Whatever was pressing against him pressed harder so that Harold had to choke back a shout of pain. Around them car doors were slamming, engines starting up. First one set of headlights then another swept over them and past.

“If I find you’ve been setting me up …”

“What reason could I have for doing that? Alan, listen …”

“That I don’t know yet. But I’m not taking chances.”

“Alan, look, I’ve told you before. This business with the police, it’s nothing to do with you, with … you know …”

A man with a heavy duffle coat stopped at the car immediately to Stafford’s left and unlocked his boot. He was whistling Butterfly’s first love song from Act One: Harold wished he were on a hillside overlooking Nagasaki, anywhere other than where he was.

Turning, the man nodded at Harold, who recognized his face but not his name. “Anything wrong?” the man said.

“No,” Harold said. “Nothing.”

“Uh-huh.” The man glanced sideways at Stafford, who had backed off beyond arm’s length. “I thought perhaps you had a flat battery, some problem like that.”

Harold’s tongue dampened his lower lip. “I’m fine,” he said. “The car’s fine.”

“Good.” The man nodded, turned and climbed into his car. Before he began to pull away, the sounds of an operatic overture filtered out into the dampening air.

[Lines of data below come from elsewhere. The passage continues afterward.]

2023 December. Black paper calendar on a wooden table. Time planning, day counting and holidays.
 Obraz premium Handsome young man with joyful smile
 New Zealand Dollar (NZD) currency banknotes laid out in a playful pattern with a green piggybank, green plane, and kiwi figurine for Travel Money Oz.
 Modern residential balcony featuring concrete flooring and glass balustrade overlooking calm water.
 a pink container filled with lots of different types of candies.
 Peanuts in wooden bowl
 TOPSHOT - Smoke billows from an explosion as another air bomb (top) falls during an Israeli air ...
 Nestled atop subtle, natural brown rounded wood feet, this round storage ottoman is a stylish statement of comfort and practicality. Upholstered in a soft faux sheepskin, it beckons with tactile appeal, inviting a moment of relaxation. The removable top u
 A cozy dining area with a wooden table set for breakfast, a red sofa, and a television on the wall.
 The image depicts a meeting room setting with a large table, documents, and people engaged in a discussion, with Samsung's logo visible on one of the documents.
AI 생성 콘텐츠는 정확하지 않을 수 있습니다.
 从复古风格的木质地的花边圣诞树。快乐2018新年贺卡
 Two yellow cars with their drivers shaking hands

“Eight o’clock, Harold. I’ll phone you. Tell you where to bring the stuff.”

“a.m.?”

“Bright and early. And, Harold …” Stafford patted the side pocket of his parka, “… if, for any reason, you don’t show up with what’s due to me, if anything’s out of line, I hope I don’t need to spell out what’s liable to happen.”

When Harold Roy ran the events through later in his mind, he could never clearly see Alan Stafford picking his way between the still-parked cars. What be could feel, with absolute recall, was the sharpness of the blade that moved upwards along the inside of his leg until it had been pressing against the heart of his groin.